Saved data entries:
----

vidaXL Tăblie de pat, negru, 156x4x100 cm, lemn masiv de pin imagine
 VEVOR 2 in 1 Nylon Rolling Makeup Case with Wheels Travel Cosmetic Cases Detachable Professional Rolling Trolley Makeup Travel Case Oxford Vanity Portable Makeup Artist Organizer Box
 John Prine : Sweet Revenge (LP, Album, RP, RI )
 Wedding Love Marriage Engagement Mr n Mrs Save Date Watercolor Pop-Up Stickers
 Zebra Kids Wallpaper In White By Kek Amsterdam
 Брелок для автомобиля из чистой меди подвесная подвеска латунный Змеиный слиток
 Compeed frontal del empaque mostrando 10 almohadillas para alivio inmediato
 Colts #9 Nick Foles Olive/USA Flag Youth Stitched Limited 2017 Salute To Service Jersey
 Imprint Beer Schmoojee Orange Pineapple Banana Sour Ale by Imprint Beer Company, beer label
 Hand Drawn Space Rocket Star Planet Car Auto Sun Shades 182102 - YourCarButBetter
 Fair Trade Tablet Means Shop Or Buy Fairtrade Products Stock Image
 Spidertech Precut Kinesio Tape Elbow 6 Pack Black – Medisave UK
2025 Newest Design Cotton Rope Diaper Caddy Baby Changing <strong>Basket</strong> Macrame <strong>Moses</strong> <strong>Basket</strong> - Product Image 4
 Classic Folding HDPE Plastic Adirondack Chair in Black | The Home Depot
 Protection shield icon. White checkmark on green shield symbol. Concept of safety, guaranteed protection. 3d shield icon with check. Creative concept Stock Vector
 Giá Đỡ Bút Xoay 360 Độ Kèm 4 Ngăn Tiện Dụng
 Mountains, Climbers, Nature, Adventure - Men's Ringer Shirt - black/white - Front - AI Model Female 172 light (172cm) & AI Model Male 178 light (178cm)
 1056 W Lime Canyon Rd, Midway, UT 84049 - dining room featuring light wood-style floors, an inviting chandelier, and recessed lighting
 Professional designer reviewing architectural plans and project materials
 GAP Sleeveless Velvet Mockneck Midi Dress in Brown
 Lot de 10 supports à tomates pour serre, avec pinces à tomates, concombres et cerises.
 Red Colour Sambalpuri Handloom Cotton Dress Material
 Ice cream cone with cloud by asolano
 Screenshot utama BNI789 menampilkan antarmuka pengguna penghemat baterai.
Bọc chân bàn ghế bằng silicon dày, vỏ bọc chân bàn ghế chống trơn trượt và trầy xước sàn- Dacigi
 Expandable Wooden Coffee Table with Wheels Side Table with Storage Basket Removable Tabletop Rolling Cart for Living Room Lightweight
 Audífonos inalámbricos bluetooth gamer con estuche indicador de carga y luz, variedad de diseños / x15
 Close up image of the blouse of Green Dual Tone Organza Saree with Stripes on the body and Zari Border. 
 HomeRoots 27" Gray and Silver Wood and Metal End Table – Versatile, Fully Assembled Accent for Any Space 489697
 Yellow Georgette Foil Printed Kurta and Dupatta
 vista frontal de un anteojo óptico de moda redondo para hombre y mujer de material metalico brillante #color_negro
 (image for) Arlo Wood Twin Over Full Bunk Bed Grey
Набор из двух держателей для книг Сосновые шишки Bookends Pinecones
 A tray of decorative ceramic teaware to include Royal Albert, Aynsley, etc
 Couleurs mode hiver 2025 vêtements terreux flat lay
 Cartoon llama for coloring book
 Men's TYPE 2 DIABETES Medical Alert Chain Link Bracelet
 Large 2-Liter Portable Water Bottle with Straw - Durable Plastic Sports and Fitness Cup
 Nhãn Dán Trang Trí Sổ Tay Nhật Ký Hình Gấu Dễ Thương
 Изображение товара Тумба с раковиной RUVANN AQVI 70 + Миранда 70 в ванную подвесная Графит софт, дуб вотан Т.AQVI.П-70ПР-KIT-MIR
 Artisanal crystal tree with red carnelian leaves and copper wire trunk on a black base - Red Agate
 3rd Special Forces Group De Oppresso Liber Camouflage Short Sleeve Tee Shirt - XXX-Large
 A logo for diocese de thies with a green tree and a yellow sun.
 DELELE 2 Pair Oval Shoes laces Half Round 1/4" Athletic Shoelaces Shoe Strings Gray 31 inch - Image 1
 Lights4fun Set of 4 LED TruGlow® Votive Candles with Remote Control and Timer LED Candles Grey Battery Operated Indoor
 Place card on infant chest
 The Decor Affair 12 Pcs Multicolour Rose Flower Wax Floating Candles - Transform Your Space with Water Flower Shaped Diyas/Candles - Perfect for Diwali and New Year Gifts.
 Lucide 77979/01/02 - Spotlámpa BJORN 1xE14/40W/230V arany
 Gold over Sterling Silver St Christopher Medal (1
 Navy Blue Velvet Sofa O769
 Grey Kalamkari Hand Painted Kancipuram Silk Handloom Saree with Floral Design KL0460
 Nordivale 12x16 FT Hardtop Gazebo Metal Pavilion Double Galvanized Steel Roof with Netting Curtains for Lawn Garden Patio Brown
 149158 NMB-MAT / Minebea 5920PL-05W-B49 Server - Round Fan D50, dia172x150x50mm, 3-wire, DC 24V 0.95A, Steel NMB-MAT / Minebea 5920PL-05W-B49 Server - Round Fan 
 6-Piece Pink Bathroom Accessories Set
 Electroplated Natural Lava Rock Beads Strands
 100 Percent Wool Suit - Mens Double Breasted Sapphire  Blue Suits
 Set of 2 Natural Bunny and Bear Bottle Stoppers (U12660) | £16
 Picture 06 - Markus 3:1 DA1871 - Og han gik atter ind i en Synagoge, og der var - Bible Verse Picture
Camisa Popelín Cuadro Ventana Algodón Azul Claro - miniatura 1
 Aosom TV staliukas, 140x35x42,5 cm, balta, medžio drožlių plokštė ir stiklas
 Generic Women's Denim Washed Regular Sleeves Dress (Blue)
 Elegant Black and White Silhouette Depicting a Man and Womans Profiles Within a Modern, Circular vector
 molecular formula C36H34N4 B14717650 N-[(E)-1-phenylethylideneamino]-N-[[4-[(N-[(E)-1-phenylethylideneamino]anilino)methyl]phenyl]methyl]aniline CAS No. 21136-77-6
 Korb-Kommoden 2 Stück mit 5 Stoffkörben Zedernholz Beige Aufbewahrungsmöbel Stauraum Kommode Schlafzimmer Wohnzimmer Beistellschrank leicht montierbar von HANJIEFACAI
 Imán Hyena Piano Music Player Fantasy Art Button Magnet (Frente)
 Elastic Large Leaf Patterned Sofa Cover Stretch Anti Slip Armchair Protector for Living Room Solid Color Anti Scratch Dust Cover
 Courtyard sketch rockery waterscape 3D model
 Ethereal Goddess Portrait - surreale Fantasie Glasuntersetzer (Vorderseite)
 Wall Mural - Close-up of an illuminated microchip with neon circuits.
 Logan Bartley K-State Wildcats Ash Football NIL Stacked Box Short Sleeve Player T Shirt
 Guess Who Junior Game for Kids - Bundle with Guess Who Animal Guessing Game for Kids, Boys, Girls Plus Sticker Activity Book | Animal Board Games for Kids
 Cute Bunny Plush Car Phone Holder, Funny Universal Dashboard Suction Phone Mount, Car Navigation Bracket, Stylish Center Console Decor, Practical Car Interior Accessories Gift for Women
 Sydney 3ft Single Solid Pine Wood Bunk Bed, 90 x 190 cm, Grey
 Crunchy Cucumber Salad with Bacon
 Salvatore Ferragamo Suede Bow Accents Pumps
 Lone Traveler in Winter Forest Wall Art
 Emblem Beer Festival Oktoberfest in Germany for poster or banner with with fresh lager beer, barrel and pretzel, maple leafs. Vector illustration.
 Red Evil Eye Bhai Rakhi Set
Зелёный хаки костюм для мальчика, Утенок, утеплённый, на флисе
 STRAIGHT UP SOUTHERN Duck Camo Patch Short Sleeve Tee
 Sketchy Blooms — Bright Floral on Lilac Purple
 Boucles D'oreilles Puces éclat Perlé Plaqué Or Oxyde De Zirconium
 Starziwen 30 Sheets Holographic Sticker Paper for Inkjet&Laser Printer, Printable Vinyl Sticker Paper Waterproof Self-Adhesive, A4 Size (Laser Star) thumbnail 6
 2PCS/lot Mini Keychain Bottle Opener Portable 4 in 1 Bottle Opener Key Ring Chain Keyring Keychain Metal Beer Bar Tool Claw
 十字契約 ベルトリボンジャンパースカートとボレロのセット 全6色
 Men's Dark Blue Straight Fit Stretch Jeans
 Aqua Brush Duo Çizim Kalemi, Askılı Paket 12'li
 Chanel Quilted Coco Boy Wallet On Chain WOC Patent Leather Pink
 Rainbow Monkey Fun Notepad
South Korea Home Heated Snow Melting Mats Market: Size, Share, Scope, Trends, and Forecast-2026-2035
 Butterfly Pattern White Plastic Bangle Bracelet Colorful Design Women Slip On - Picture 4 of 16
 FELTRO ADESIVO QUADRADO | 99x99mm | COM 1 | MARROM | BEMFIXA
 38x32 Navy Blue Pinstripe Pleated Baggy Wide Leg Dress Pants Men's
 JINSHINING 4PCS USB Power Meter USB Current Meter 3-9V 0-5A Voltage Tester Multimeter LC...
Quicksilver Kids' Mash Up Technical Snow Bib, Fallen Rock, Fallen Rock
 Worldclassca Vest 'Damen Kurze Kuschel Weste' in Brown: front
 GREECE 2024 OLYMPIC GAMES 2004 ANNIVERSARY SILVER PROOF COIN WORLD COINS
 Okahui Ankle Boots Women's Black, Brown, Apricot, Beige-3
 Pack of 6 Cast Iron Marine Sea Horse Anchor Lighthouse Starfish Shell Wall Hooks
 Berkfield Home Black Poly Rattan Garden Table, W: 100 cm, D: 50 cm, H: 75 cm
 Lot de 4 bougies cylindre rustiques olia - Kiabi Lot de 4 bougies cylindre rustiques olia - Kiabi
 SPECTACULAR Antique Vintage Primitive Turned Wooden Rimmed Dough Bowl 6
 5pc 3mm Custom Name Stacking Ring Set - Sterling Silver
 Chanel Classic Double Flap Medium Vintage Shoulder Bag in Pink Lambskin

----

WHAT IS NEEDED: The line above containing "Sketchy Blooms —", the line containing "Berkfield Home Black", and every line between them are to be transcribed exactly; no other line is wanted.

ANSWER TO THE EXERCISE:
 Sketchy Blooms — Bright Floral on Lilac Purple
 Boucles D'oreilles Puces éclat Perlé Plaqué Or Oxyde De Zirconium
 Starziwen 30 Sheets Holographic Sticker Paper for Inkjet&Laser Printer, Printable Vinyl Sticker Paper Waterproof Self-Adhesive, A4 Size (Laser Star) thumbnail 6
 2PCS/lot Mini Keychain Bottle Opener Portable 4 in 1 Bottle Opener Key Ring Chain Keyring Keychain Metal Beer Bar Tool Claw
 十字契約 ベルトリボンジャンパースカートとボレロのセット 全6色
 Men's Dark Blue Straight Fit Stretch Jeans
 Aqua Brush Duo Çizim Kalemi, Askılı Paket 12'li
 Chanel Quilted Coco Boy Wallet On Chain WOC Patent Leather Pink
 Rainbow Monkey Fun Notepad
South Korea Home Heated Snow Melting Mats Market: Size, Share, Scope, Trends, and Forecast-2026-2035
 Butterfly Pattern White Plastic Bangle Bracelet Colorful Design Women Slip On - Picture 4 of 16
 FELTRO ADESIVO QUADRADO | 99x99mm | COM 1 | MARROM | BEMFIXA
 38x32 Navy Blue Pinstripe Pleated Baggy Wide Leg Dress Pants Men's
 JINSHINING 4PCS USB Power Meter USB Current Meter 3-9V 0-5A Voltage Tester Multimeter LC...
Quicksilver Kids' Mash Up Technical Snow Bib, Fallen Rock, Fallen Rock
 Worldclassca Vest 'Damen Kurze Kuschel Weste' in Brown: front
 GREECE 2024 OLYMPIC GAMES 2004 ANNIVERSARY SILVER PROOF COIN WORLD COINS
 Okahui Ankle Boots Women's Black, Brown, Apricot, Beige-3
 Pack of 6 Cast Iron Marine Sea Horse Anchor Lighthouse Starfish Shell Wall Hooks
 Berkfield Home Black Poly Rattan Garden Table, W: 100 cm, D: 50 cm, H: 75 cm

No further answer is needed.